Gold prices can witness some lower level buying after the recent fall as weaker local currency to assist prices on domestic bourses.
Gold prices slipped on Thursday, as Treasury yields and the dollar rose, with bullion’s outlook hurt by fears the Federal Reserve could go for a more aggressive interest rate hike this month, after data showed U.S. inflation sky-rocketed in June. U.S. annual consumer prices jumped 9.1% in June, the sharpest spike in more than four decades, leaving Americans to dig deeper to pay for gasoline, food, healthcare and rents. The Fed is seen ramping up its battle with sky-high inflation with a supersized 100 basis points rate hike at its upcoming policy meeting on July 26-27. A rallying dollar sent gold prices to a near one-year low on Wednesday following the inflation report, but a retreat in the greenback helped bullion make a sharp recovery and end the session higher. SPDR Gold Trust, the world’s largest gold-backed exchange-traded fund, said its holdings fell 0.17% to 1,019.79 tonnes on Wednesday from 1,021.53 tonnes on Tuesday.
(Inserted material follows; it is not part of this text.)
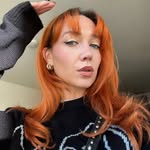 Meredith Watt - @mrdthwtt - Instagram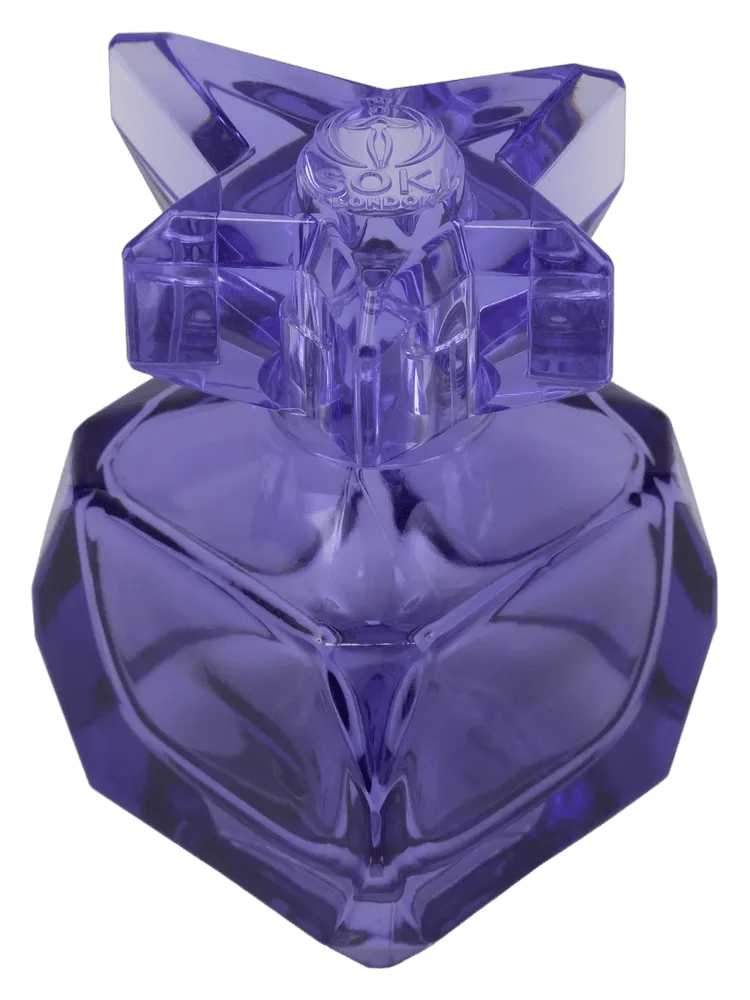 Empress by Soki London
Copper prices fell to a fresh 20-month low as an elevated U.S. dollar, renewed COVID-19 restrictions in top consumer China and fears of rapid interest rate hikes stifled demand. Investors also held back from making large bets ahead of data out of China scheduled for release on Friday to determine the health of the world’s second-largest economy. China’s imports of copper rose 15.5 % from month ago to 537,698.1 tonnes in June, data from the General Administration of Customs showed. The International Monetary Fund on Tuesday again cut its growth forecast for the United States to 2.3% for 2022 from 2.9% in late June. China’s refined zinc output stood at 490,300 mt in June, down 24,900 mt or 4.84% MoM and 17,700 mt or 3.48% YoY. From January to June 2022, the combined refined zinc output was 2.973 million mt, a decrease of 1.49% year on year.
Oil prices fell below $100 per barrel recently as US inventory data showed buildups in crude oil and refined products amid rising fears of a global economic slowdown. The global oil market is “walking a tightrope” between scarce supply and the possibility of a recession, the International Energy Agency (IEA) stated recently, with higher prices and worsening economic conditions already taking a toll on demand. Still, its demand outlook for 2022 was trimmed by just 200,000 barrels per day (bpd) and is set for an annual rise of 1.7 million bpd and 2.1 million bpd in 2023, when it will reach 101.3 million bpd led by growth in developing countries. OPEC producers Saudi Arabia and the UAE will have a limited ability to pump more oil, the IEA warned, with their combined spare production capacity set to fall to 2.2 million bpd. in August.